Portugal conhece bem esta realidade. Durante décadas assistimos ao declínio de várias espécies, à fragmentação de habitats e à degradação de ecossistemas no nosso país. Um caminho que está a ser invertido com as decisões estratégicas que têm sido tomadas nos últimos anos, contanto com o compromisso público e governamental, conhecimento científico e trabalho consistente no terreno.
O caso do lince-ibérico é talvez o exemplo mais emblemático. À beira da extinção no início deste século, quando se contavam menos de 100 exemplares em toda a Península Ibérica, os esforços conjuntos de Portugal e Espanha têm contribuído, nos últimos vinte anos, para a sua recuperação, através da reprodução em cativeiro e reintrodução no meio natural, e sobretudo, à recuperação do seu habitat e das populações de coelho-bravo.
Existem muitos outros habitats no nosso país que precisam de uma atenção cuidada e científica para que espécies emblemáticas possam fazer também este caminho de recuperação.

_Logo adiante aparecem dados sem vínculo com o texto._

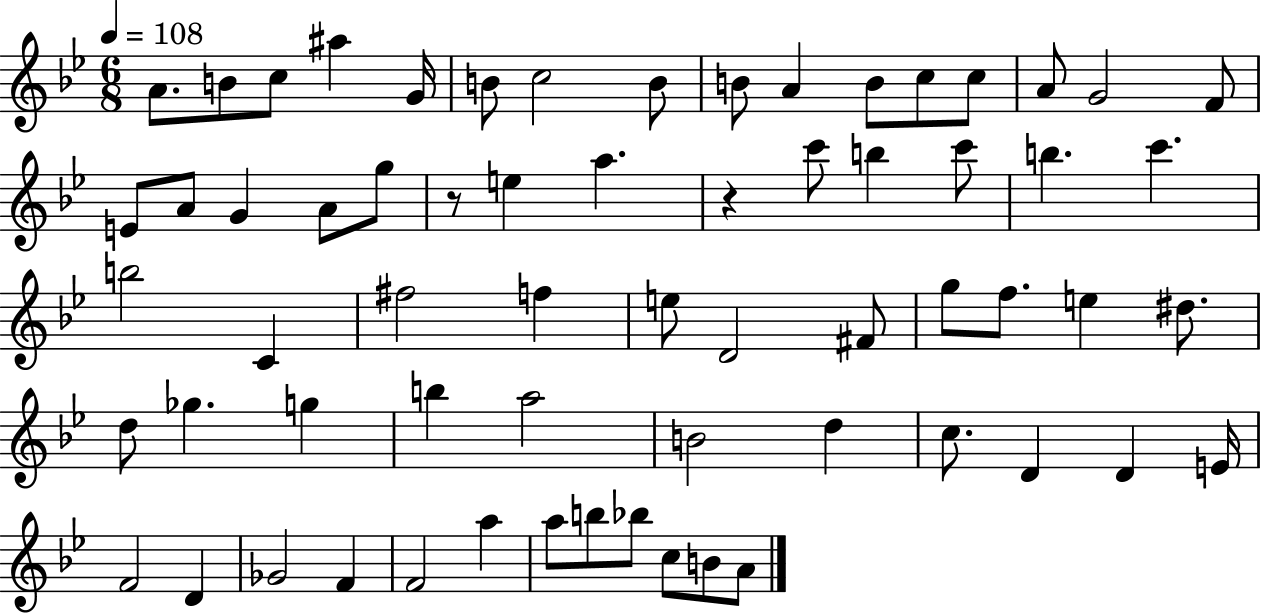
A4/e. B4/e C5/e A#5/q G4/s B4/e C5/h B4/e B4/e A4/q B4/e C5/e C5/e A4/e G4/h F4/e E4/e A4/e G4/q A4/e G5/e R/e E5/q A5/q. R/q C6/e B5/q C6/e B5/q. C6/q. B5/h C4/q F#5/h F5/q E5/e D4/h F#4/e G5/e F5/e. E5/q D#5/e. D5/e Gb5/q. G5/q B5/q A5/h B4/h D5/q C5/e. D4/q D4/q E4/s F4/h D4/q Gb4/h F4/q F4/h A5/q A5/e B5/e Bb5/e C5/e B4/e A4/e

São os casos do lobo-ibérico, de diversas espécies de aves, da população de golfinhos roazes residentes no Estuário do Sado, entre outras.
É neste contexto que o Plano Nacional de Restauro da Natureza assume uma importância decisiva.
De acordo com o Regulamento Europeu do Restauro da Natureza, até 2030, Portugal tem de restaurar pelo menos 20% das áreas terrestres e marinhas; até 2050, todos os ecossistemas que necessitem de restauro deverão estar em processo de recuperação.
Contudo, mais do que cumprir metas, este Plano é uma opção política, uma questão de futuro e de aproveitar uma oportunidade histórica.
O Plano Nacional de Restauro da Natureza, cuja coordenação está a cargo do Instituto da Conservação da Natureza e das Florestas, em articulação com diversas entidades públicas e privadas, cobre ecossistemas terrestres, marinhos, ripícolas, agrícolas, florestais e urbanos. Define prioridades de intervenção, medidas concretas e indicadores-chave que permitem monitorizar resultados. E parte de um princípio simples e incontornável: sem habitat não há vida selvagem. Sem ecossistemas funcionais não há lince, não há lobo, não há aves. Em última instância, não há qualidade de vida para as gerações futuras.
Portugal já está a restaurar. Mais de 700 quilómetros de rios e ribeiras foram intervencionados, novas áreas de conservação estão a ser criadas e programas específicos — como os dedicados aos polinizadores — estão no terreno. Revitalizar áreas de montado e florestas autóctones, recuperar solos degradados, controlar espécies invasoras — tudo isto é restauro.
A conclusão deste Plano reforçará também a resiliência da atividade agrícola, melhorando os rendimentos dos produtores.
Depois de apresentado à Comissão Europeia, a concretização deste Plano exigirá tempo, financiamento e cooperação. Estado, autarquias, produtores florestais, agricultores, empresas, academia e cidadãos têm aqui um papel central e a participação é determinante para garantir benefícios locais.
O portal restauronatureza.icnf.pt é a porta de entrada para a informação que está a ser estruturada pelo Grupo de Trabalho do Restauro da Natureza, com oportunidades de participação e diversos recursos técnicos. Toda a informação geográfica das áreas-alvo de restauro é publicada à medida que é produzida e todos podem contribuir para melhorar este Plano.
No Dia Mundial da Vida Selvagem, a mensagem é clara: proteger não chega. É preciso restaurar.
O Plano Nacional de Restauro da Natureza é um dos mais importantes esforços estruturais e um investimento estratégico no futuro do país. Só assim poderemos garantir que histórias de sucesso como a do lince-ibérico deixem de ser exceções e passem a ser a regra.